Work required: The data below should be restated word for word, pictures omitted.

The records:
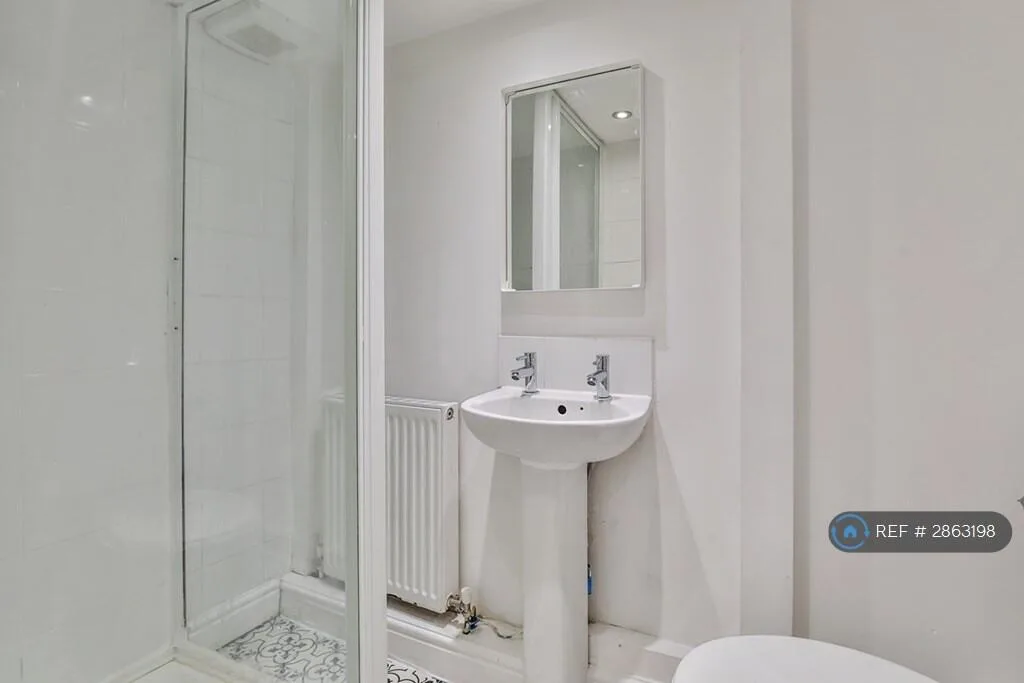 5 bedroom terraced house for rent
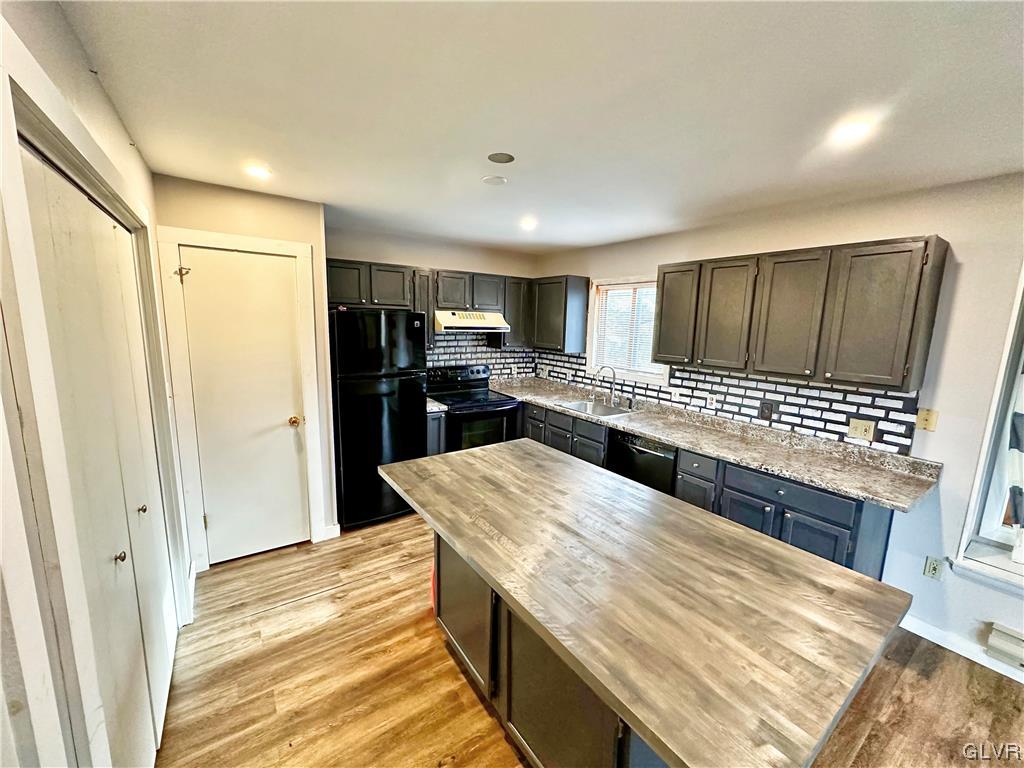 6467 Decker Road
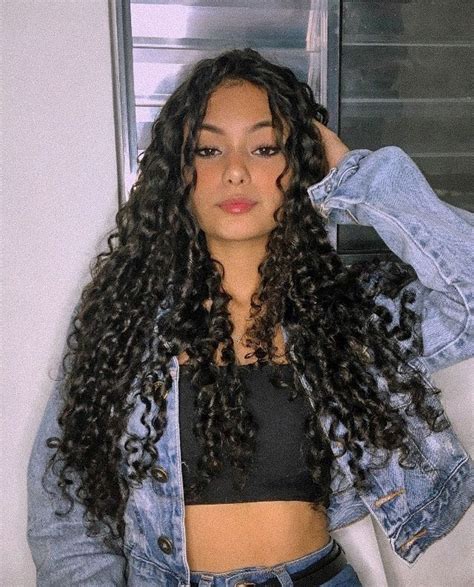 Foto De Menina Cacheado - Pin de Yasmin Gabriela em ᕼᗩIᖇ | Meninas de cabelos cacheados, Meninas ...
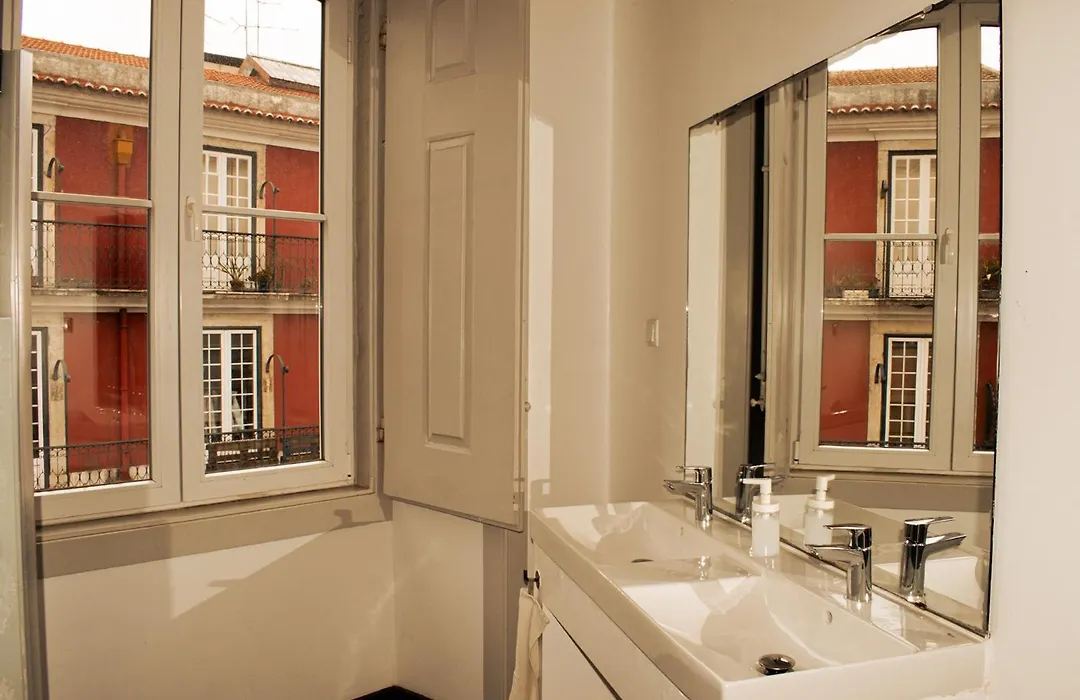Inn Possible Lisbon Hostel-1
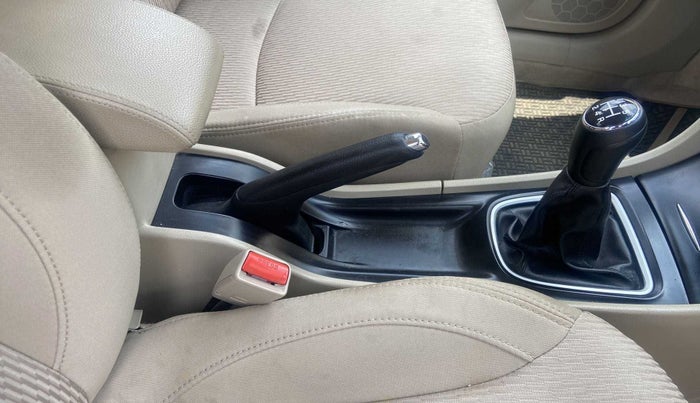 2021 Maruti Ciaz DELTA 1.5 SHVS MT PETROL, Petrol, Manual, 25,022 km, Gear Lever
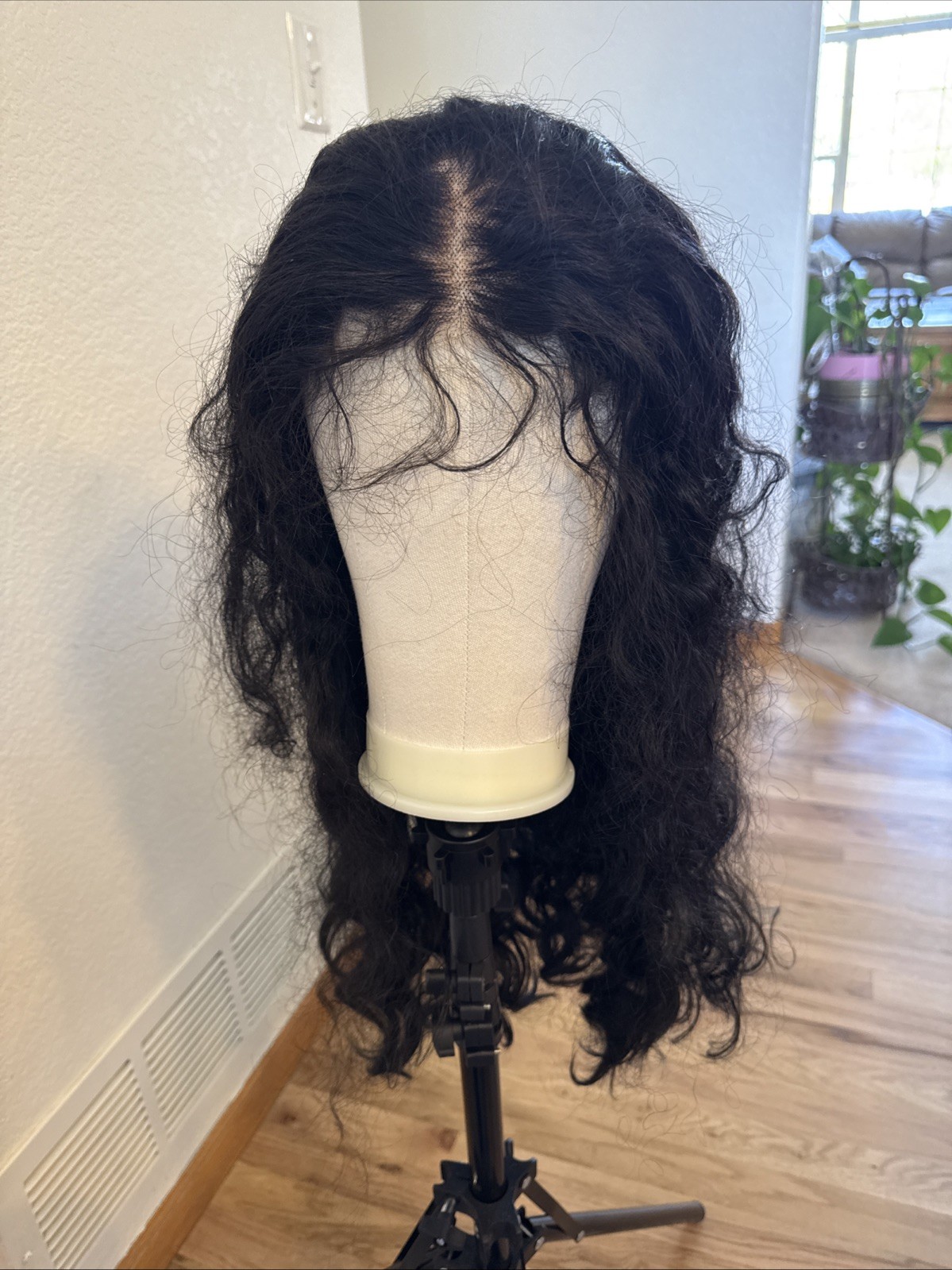 600 Human Blend 28” Curly Very Soft Soft Black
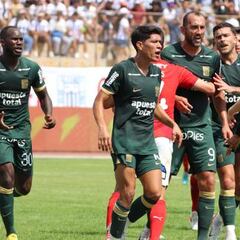 Católica jugó su segundo amistoso en Perú y se encontró con esto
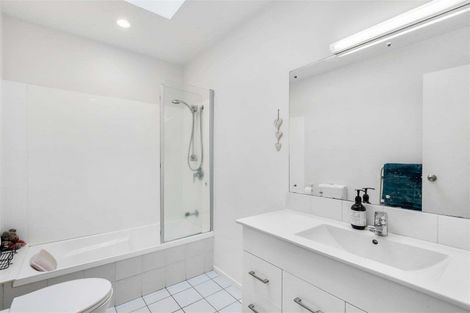 Photo of property in 9 Spalding Rise, Golflands, Auckland, 2013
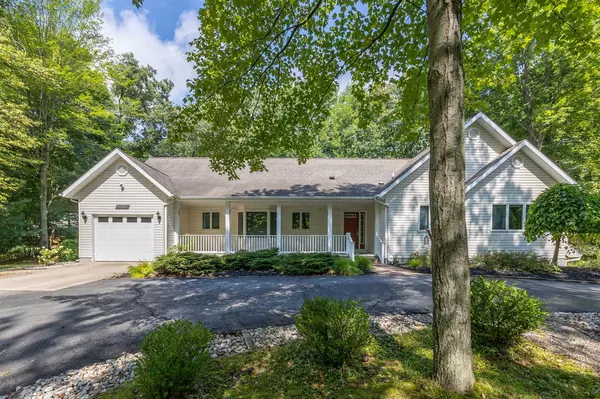11096 Rambling Way, Canadian Lakes, MI 49346-9775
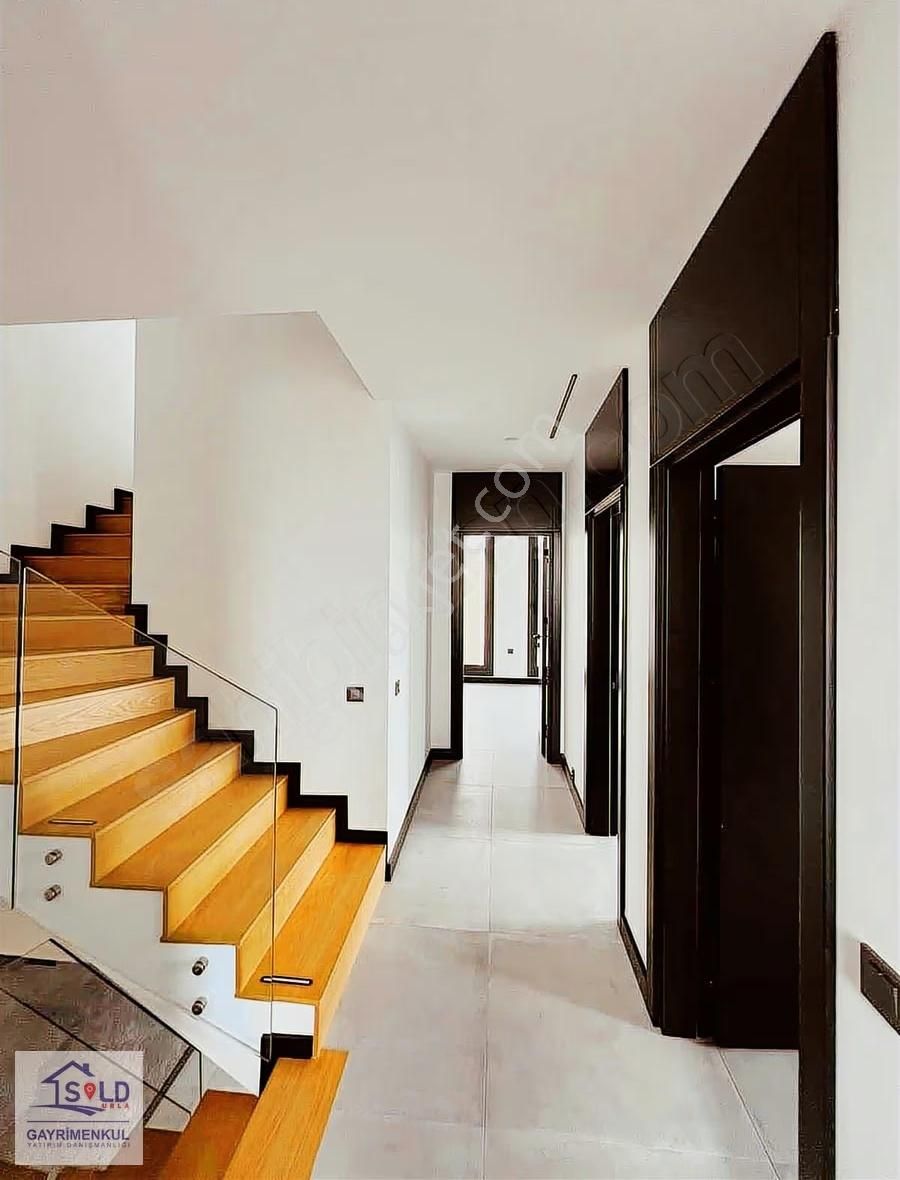 Urla Kalabak'ta Satılık Lüks Villa - Görsel 16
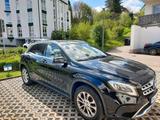 Mercedes-Benz Mercedes Benz GLA 180 - Mercedes-Benz GLA 180 von privat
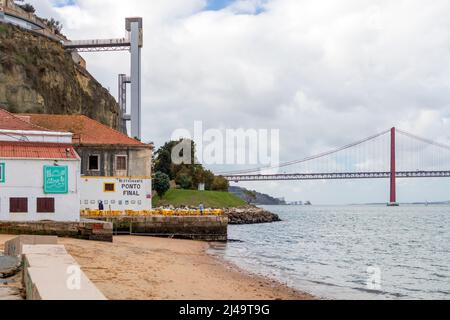 Almada, Portugal - novembre 2021 : ascenseur historique au Jardim do Rio, le jardin avec une belle vue sur Lisbonne sur le Tage Banque D'Images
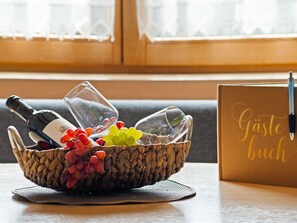Dining - Comfy Apartment in Aschau im Zillertal near Ski Zillertal (Aschau Im Zillertal)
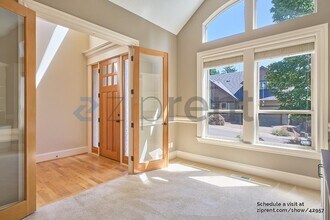 11379 NW Valros Ln in Portland, OR - Building Photo - Building Photo
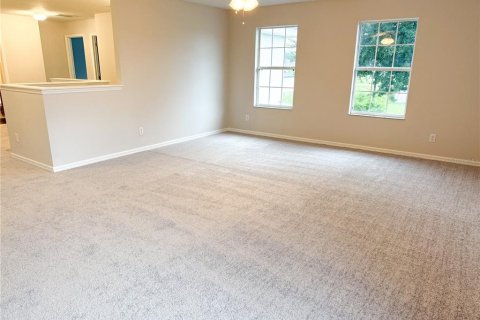 House in Kissimmee, Florida 5 bedrooms, 250.74 sq.m. № 1913087 - photo 14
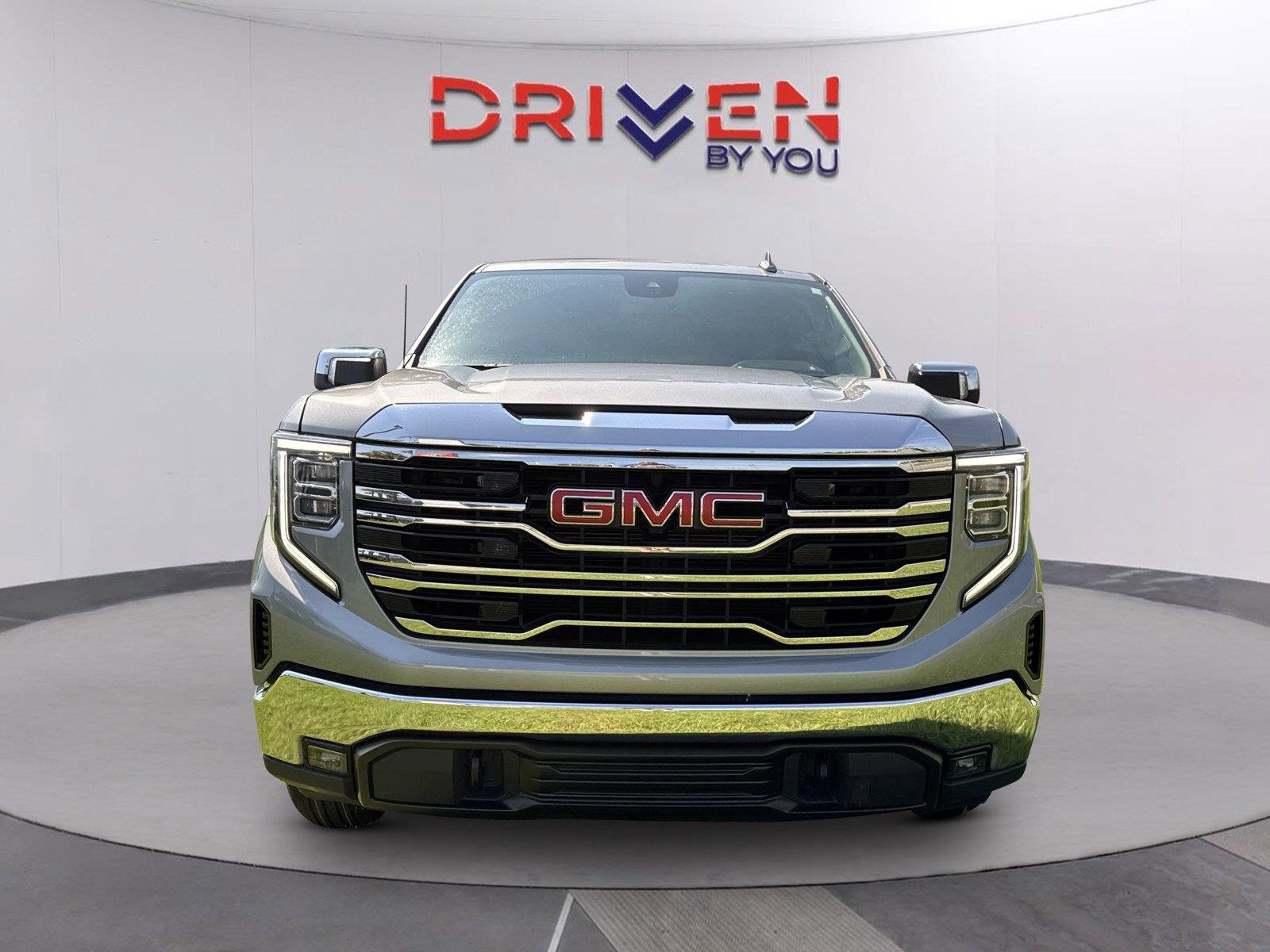 Used 2025 Sterling Metallic GMC SLT image 9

Answer:
 5 bedroom terraced house for rent
 6467 Decker Road
 Foto De Menina Cacheado - Pin de Yasmin Gabriela em ᕼᗩIᖇ | Meninas de cabelos cacheados, Meninas ...
Inn Possible Lisbon Hostel-1
 2021 Maruti Ciaz DELTA 1.5 SHVS MT PETROL, Petrol, Manual, 25,022 km, Gear Lever
 600 Human Blend 28” Curly Very Soft Soft Black
 Católica jugó su segundo amistoso en Perú y se encontró con esto
 Photo of property in 9 Spalding Rise, Golflands, Auckland, 2013
11096 Rambling Way, Canadian Lakes, MI 49346-9775
 Urla Kalabak'ta Satılık Lüks Villa - Görsel 16
 Mercedes-Benz Mercedes Benz GLA 180 - Mercedes-Benz GLA 180 von privat
 Almada, Portugal - novembre 2021 : ascenseur historique au Jardim do Rio, le jardin avec une belle vue sur Lisbonne sur le Tage Banque D'Images
Dining - Comfy Apartment in Aschau im Zillertal near Ski Zillertal (Aschau Im Zillertal)
 11379 NW Valros Ln in Portland, OR - Building Photo - Building Photo
 House in Kissimmee, Florida 5 bedrooms, 250.74 sq.m. № 1913087 - photo 14
 Used 2025 Sterling Metallic GMC SLT image 9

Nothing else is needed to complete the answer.